# Strong female working line



## d4lilbitz (Dec 30, 2013)

I see a lot of people want to breed to certain males. It takes two to make puppies. What are some of the more popular female german shepherds (WL) that people are attracted to? For sport? For working?


----------



## David Winners (Apr 30, 2012)

Here's a couple strong females. They are retired, but produced some nice dogs. 

http://www.wildhauskennels.com/caliber.htm
http://www.wildhauskennels.com/eris.htm


----------



## Jax08 (Feb 13, 2009)

I like those Nike pups
SG Nike vom Sitz von der Hose

Jaya just had her first litter. Can't wait to see how they grow. She has a very civil side.
http://www.pedigreedatabase.com/german_shepherd_dog/dog.html?id=706061-jaya-von-der-olgameister


----------



## onyx'girl (May 18, 2007)

Agree with David on Raven and Eris. They produced very well too. Raven(Caliber) has grandpups that are showing amazing promise in many venues. 
Eris is still competing, even though she's retired from breeding.


----------



## onyx'girl (May 18, 2007)

I also see Lisa's Deja and Elena at training, very strong bitches and Lisa does a great job handling them! Elena has a litter on the ground now with Wulf(same pedigree as Raven) from Wildhaus. Watching them grow up will be fun!


----------



## onyx'girl (May 18, 2007)

onyx'girl said:


> I also see *Lisa's Deja and Elena *at training, very strong bitches and Lisa does a great job handling them! Elena has a litter on the ground now with Wulf(same pedigree as Raven) from Wildhaus. Watching them grow up will be fun!


Too late to edit...Lisa at 
Zu Treuen Händen Working German Shepherd Dogs in Michigan


----------



## David Winners (Apr 30, 2012)

I can't wait to get back home so I can come up to Michigan. So many good dogs up there.


----------



## d4lilbitz (Dec 30, 2013)

I agree with you David...it seems that there are a lot of great dogs in Michigan. Thanks for the replies...trying to learn more about the different lines within the working lines.


----------



## middleofnowhere (Dec 20, 2000)

I suspect that the reason for the emphasis on males is that the female is more limited in the number of times it is acceptable to breed her.


----------



## mycobraracr (Dec 4, 2011)

I put my money on a strong female. 

I haven't seen this female work, but I have seen some of her progeny and am very impressed. 
DOBRÁ Katya z Jurschtavu

This female is a nice strong female who has also produced some nice dogs. 
Gina vom Bûrgereck

I saw this female at IPO regionals and was very impressed with her.

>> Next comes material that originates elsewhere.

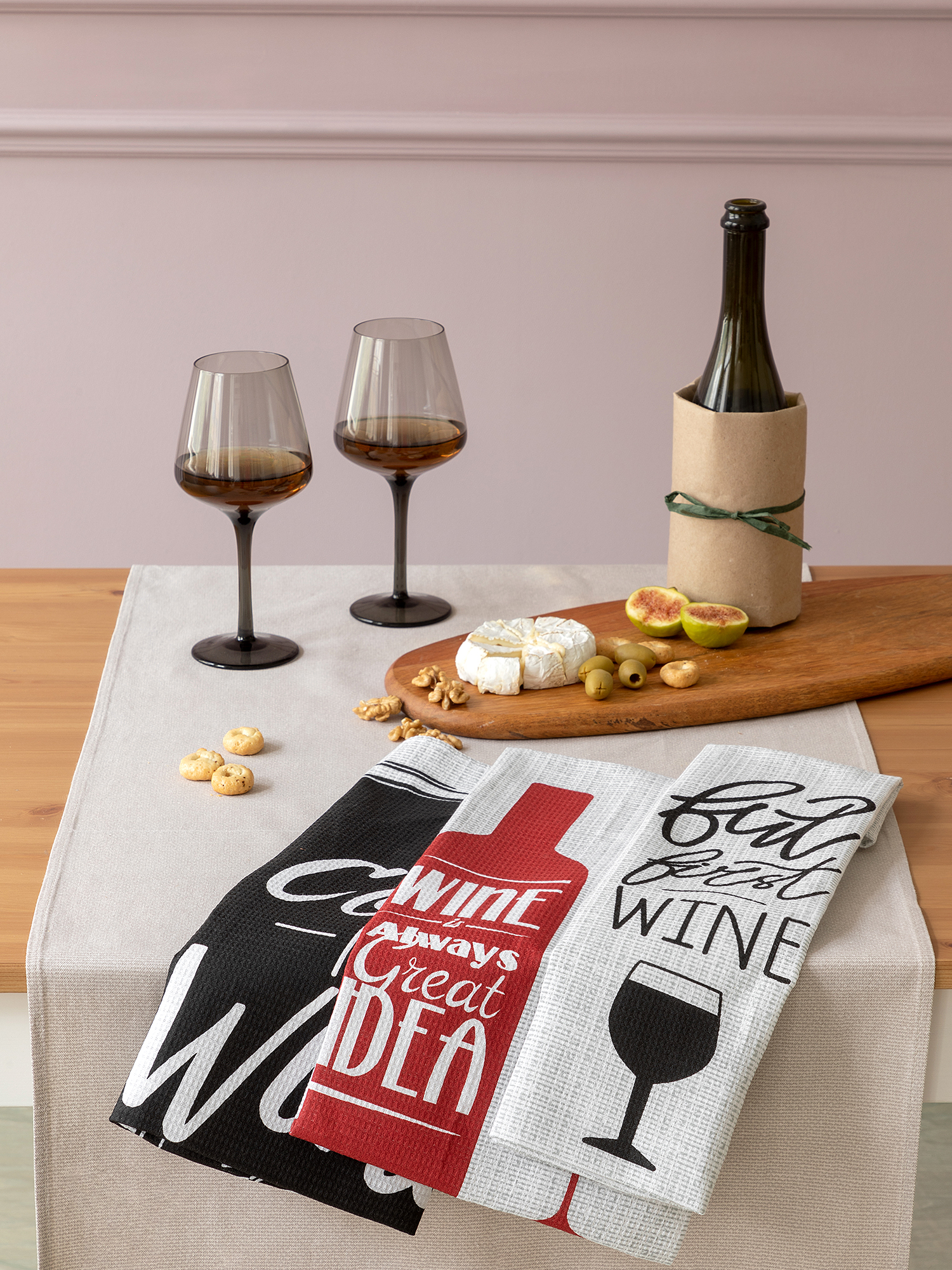 Комплект вафельных полотенец "Wine", Унисон 0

She seemed like my kinda dog. 
Arna vom Haus Krotter


----------



## elisabeth_00117 (May 17, 2009)

Masa Jipo-me
VD Masa Jipo-me

Strong female who produces great dogs (probably better than herself no matter the male).


----------



## Cschmidt88 (Nov 24, 2010)

SG Fiby vom Weißeritztal
I know I'm technically biased since this is my kiddos dam. But I adore Fiby, she's a very nice, intense, confident female. Haven't seen anything I disliked about her so far.

http://www.truehaus.com/fiby.htm


----------



## mycobraracr (Dec 4, 2011)

Cschmidt88 said:


> SG Fiby vom Weißeritztal
> I know I'm technically biased since this is my kiddos dam. But I adore Fiby, she's a very nice, intense, confident female. Haven't seen anything I disliked about her so far.


I don't know about the dog herself, but I have seen some things I don't like come through her.


----------



## Cschmidt88 (Nov 24, 2010)

mycobraracr said:


> I don't know about the dog herself, but I have seen some things I don't like come through her.


Would you mind sharing? I'm just curious as I haven't seen/heard bad so far. But a lot of the people I've met with her offspring have them as pets, rather than working animals. I can PM you if you prefer


----------